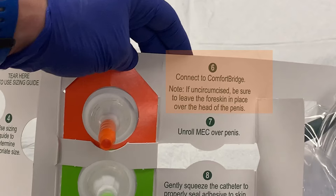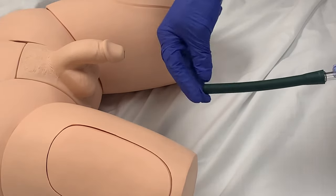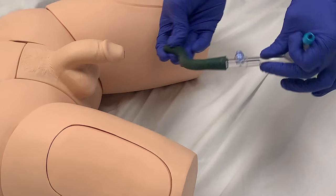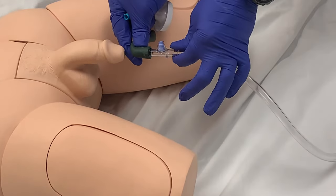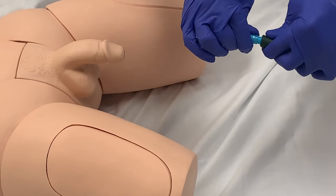Step six is to connect the Comfort Bridge. This is the name of a flexible tube that bridges the catheter to the drainage bag tubing. It provides a much more comfortable experience for the patient, as this material is able to more easily adapt to patient movement. Condom catheters that were previously utilized had rigid tubing connected directly to the condom catheter, which was potentially very uncomfortable and also caused the catheters to more likely be dislodged as the tubing fought and pulled against the patient's movement.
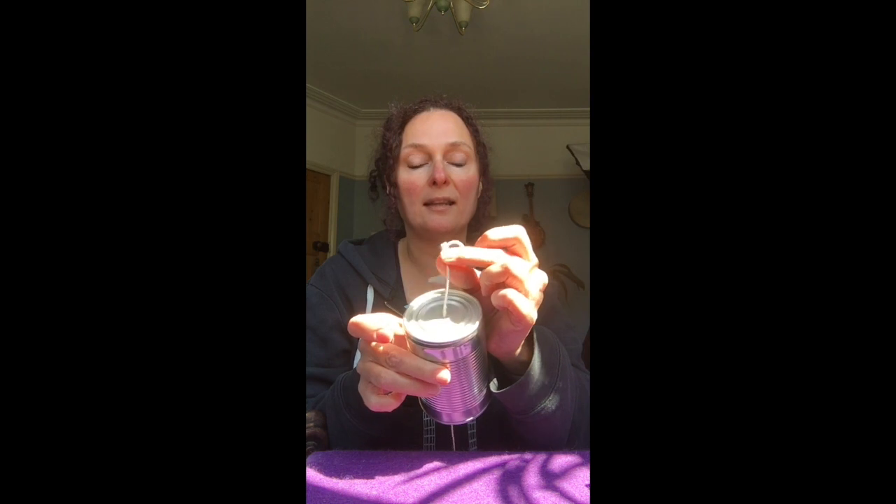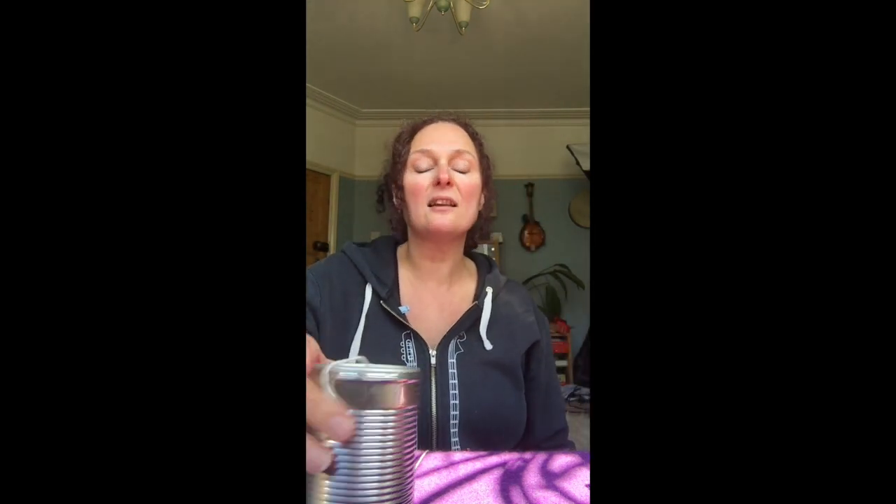Very straightforward — what you need is a tin can and a piece of string, or wool will do as well, with a knot in one end. If you don't have a tin can you can use a paper cup, or a yogurt pot if you're careful to put the hole in it. You can use anything that has a hole to amplify the sound.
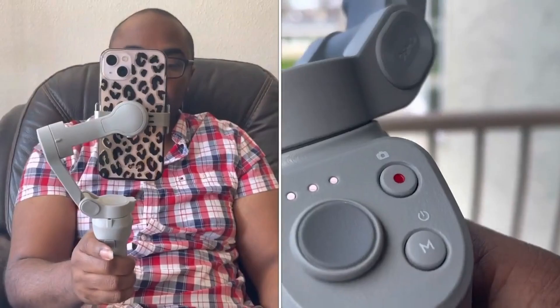If I want to switch between landscape and portrait mode, I press the M button twice. As you can see, now we are on landscape. Press M twice again and now we are on portrait.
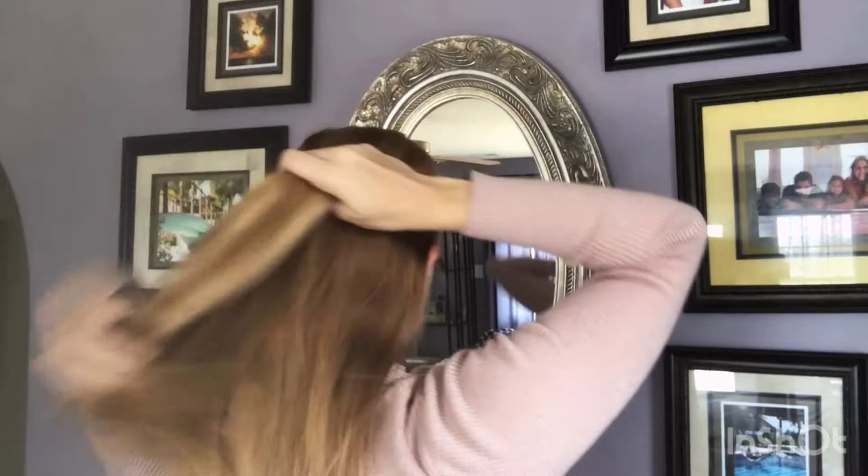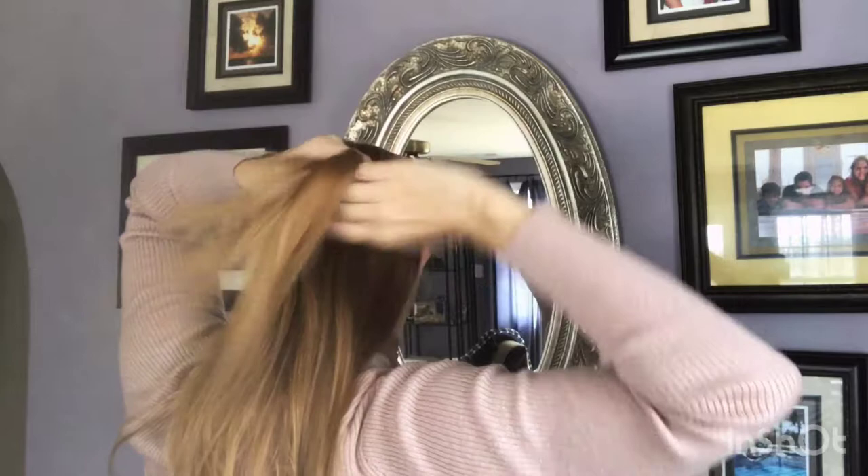Let me show you the top knot. I'm going to take my hair and just pull up the sides, and like the regular bun, I'm just going to twist it and start wrapping it around.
* * *
TASK: Please restate all of the listing above word for word, with no pictures.

RESULT OF THE EXERCISE:
Step six is to connect the Comfort Bridge. This is the name of a flexible tube that bridges the catheter to the drainage bag tubing. It provides a much more comfortable experience for the patient, as this material is able to more easily adapt to patient movement. Condom catheters that were previously utilized had rigid tubing connected directly to the condom catheter, which was potentially very uncomfortable and also caused the catheters to more likely be dislodged as the tubing fought and pulled against the patient's movement.
Very straightforward — what you need is a tin can and a piece of string, or wool will do as well, with a knot in one end. If you don't have a tin can you can use a paper cup, or a yogurt pot if you're careful to put the hole in it. You can use anything that has a hole to amplify the sound.
If I want to switch between landscape and portrait mode, I press the M button twice. As you can see, now we are on landscape. Press M twice again and now we are on portrait.
Let me show you the top knot. I'm going to take my hair and just pull up the sides, and like the regular bun, I'm just going to twist it and start wrapping it around.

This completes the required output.